What to work on:
Taking the line that contains "Promotional Logo Printed" as the start and the last line of the data as the end, repeat exactly every line in that span, but no pictures.

===== Study material =====

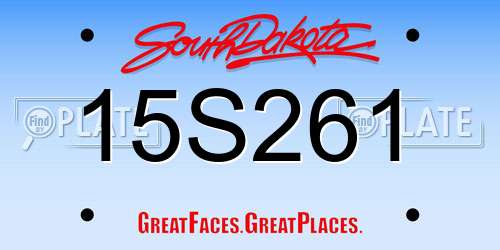 15S261 South Dakota License Plate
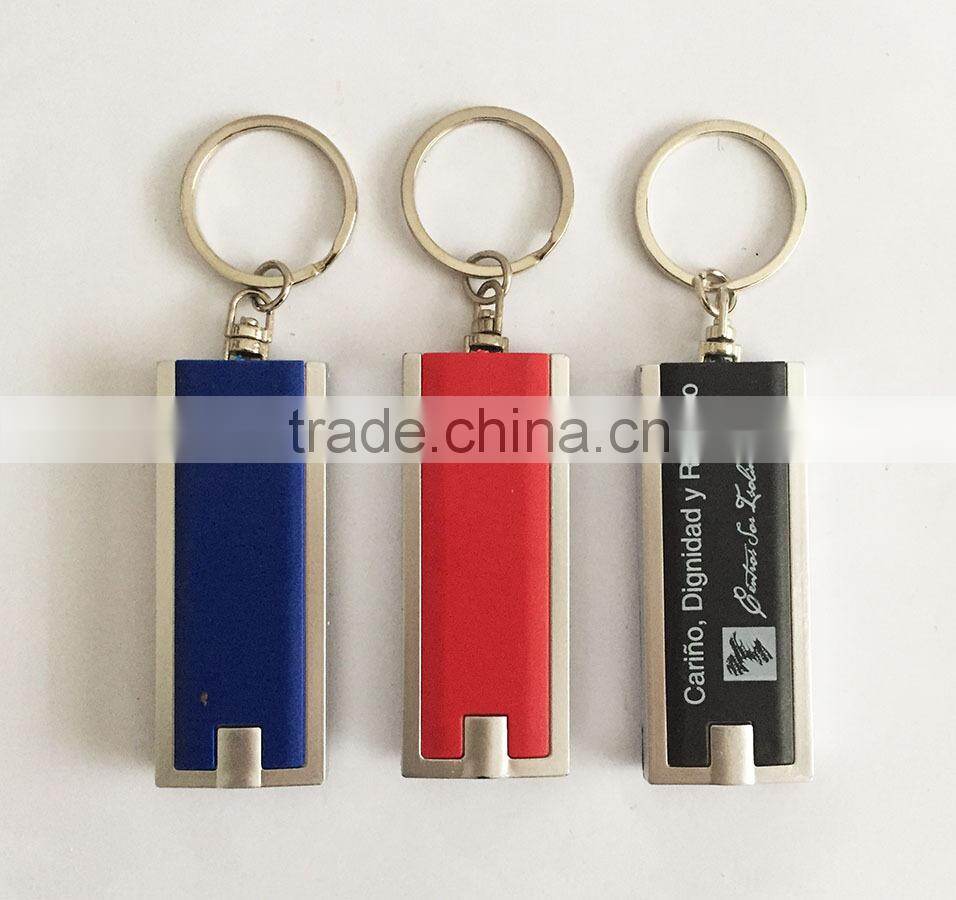 Promotional Logo Printed Rectangle LED Flashlight Keychain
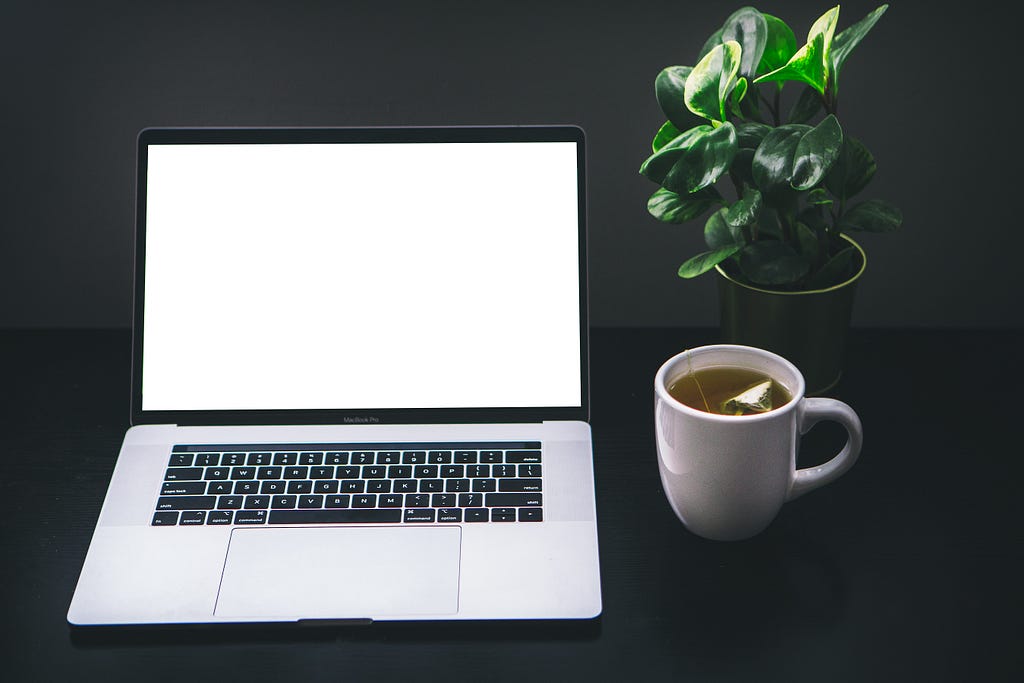 a blank white laptop computer screen next to a cup of tea and a green house plant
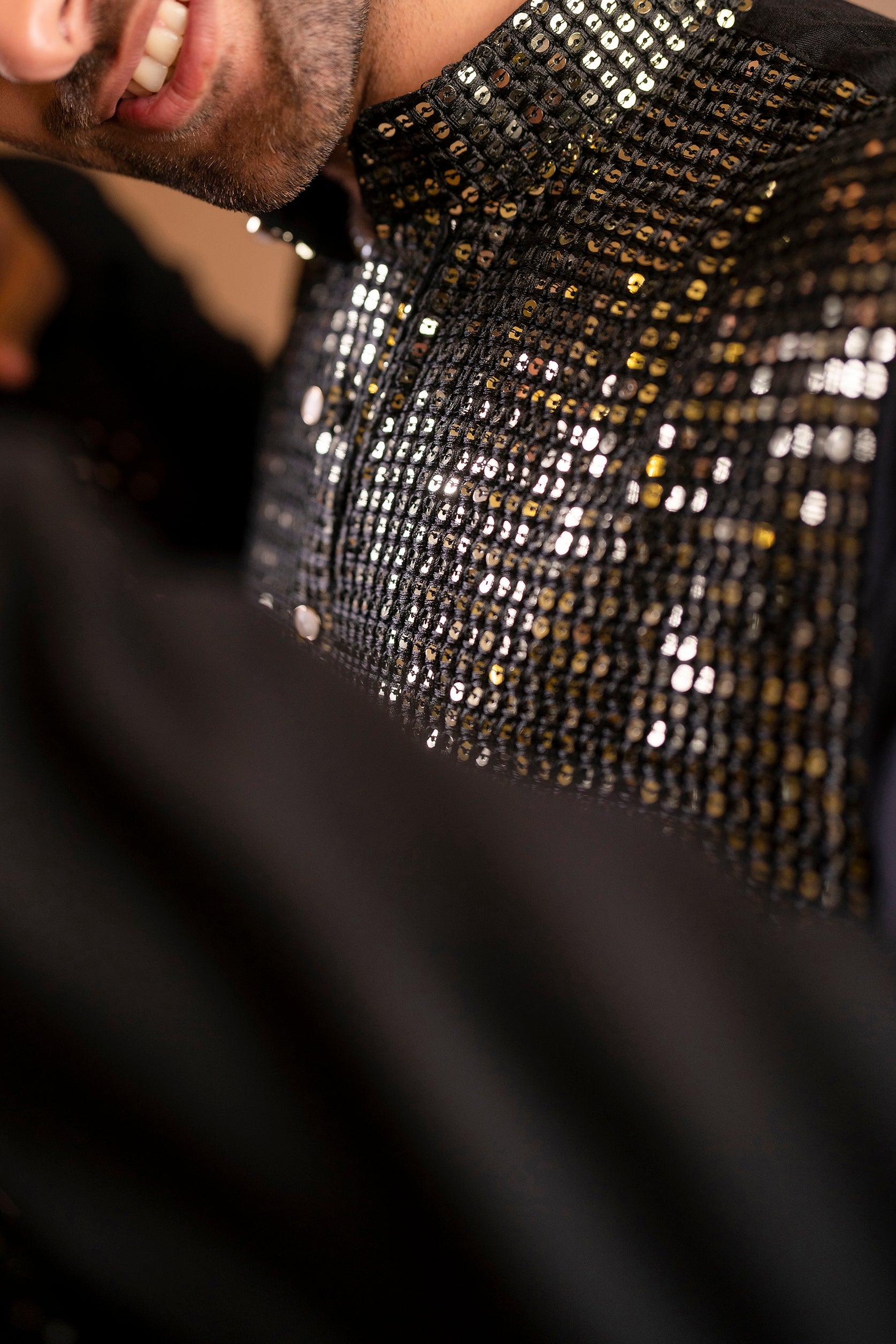 Firangi Yarn Chikan & Heavy Blingy Sequin Work Cotton Kurta For Men Black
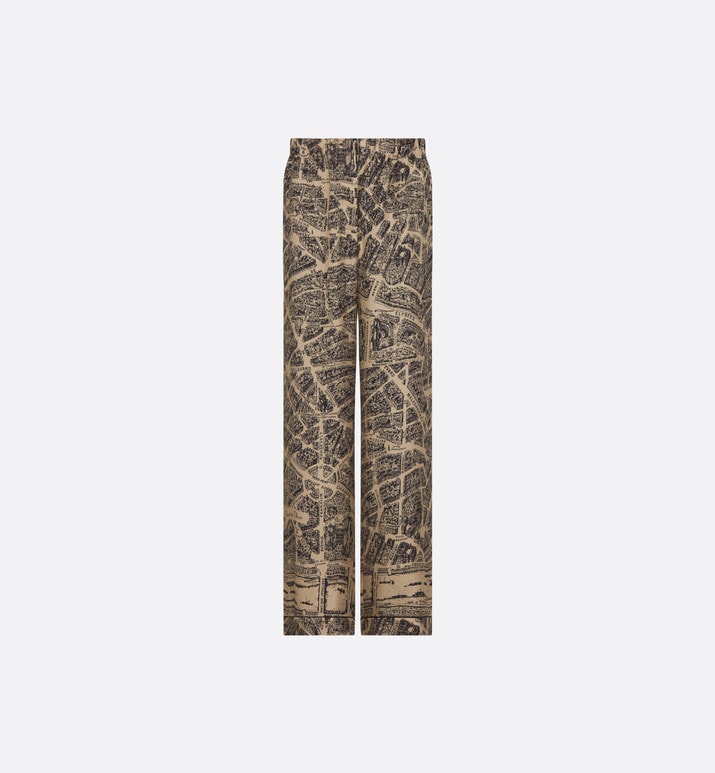 Dior Chez Moi Pants • Beige and Black Silk Twill with Plan de Paris Motif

=====

Solution to this exercise:
 Promotional Logo Printed Rectangle LED Flashlight Keychain
 a blank white laptop computer screen next to a cup of tea and a green house plant
 Firangi Yarn Chikan & Heavy Blingy Sequin Work Cotton Kurta For Men Black
 Dior Chez Moi Pants • Beige and Black Silk Twill with Plan de Paris Motif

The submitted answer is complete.